1. 🚀 Get logging in order.
The long-term vision for centralized logs should be a detection strategy, but the short-term should mainly focus on query-ability and the inclusion of other teams’ logging needs. There should not be dedicated detection engineering roles yet.
First, we must be selective and collect our minimum viable logs to reliably respond to common incident scenarios. Collecting authentications in corp and prod, along with infrastructure usage (IaaS logs), is usually prioritized here.
Additionally, ingest whatever application logs the rest of the org uses to troubleshoot, mostly up to the product. For the time being, we will avoid a greedy attitude towards logs. We don’t need to store every syscall across every server (for now!). There will be quite a bit of time before a greedy strategy will have any ROI.

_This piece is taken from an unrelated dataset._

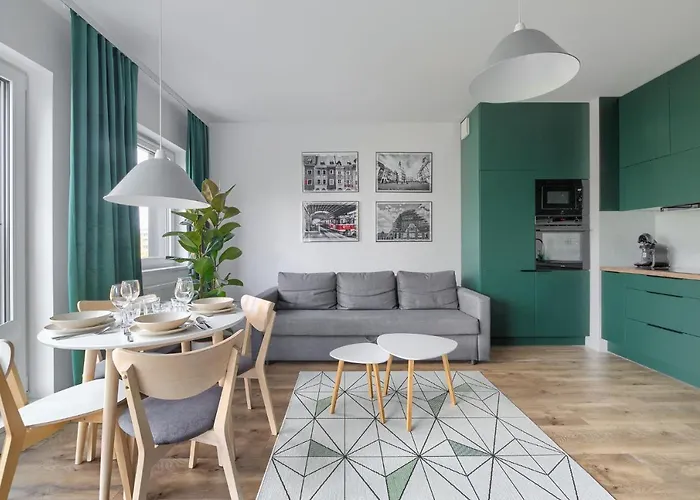 Art Deco Point Apartment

These conversations force the debates on budget, storage, querying, retention, and log-forwarding. However, pause the conversation around alerting. Don’t go too far down the road on sophisticated alerting strategies yet. At least, don’t hold strong opinions on this for a while, and don’t lock into commitments where we wake everyone up and create a SOC or an on-call pager rotation.
This step supports the second factor in securing systems. It increases development velocity, creates multi-stakeholder support, won’t overwhelm detection tasks, and grants an important response capability while improving your understanding of the environment.
Now, at the very least, you can understand what happened in an incident. A pause here naturally happens before we venture farther into a detection strategy.
2. ✋Spend time on hardening and plan to come back to detection.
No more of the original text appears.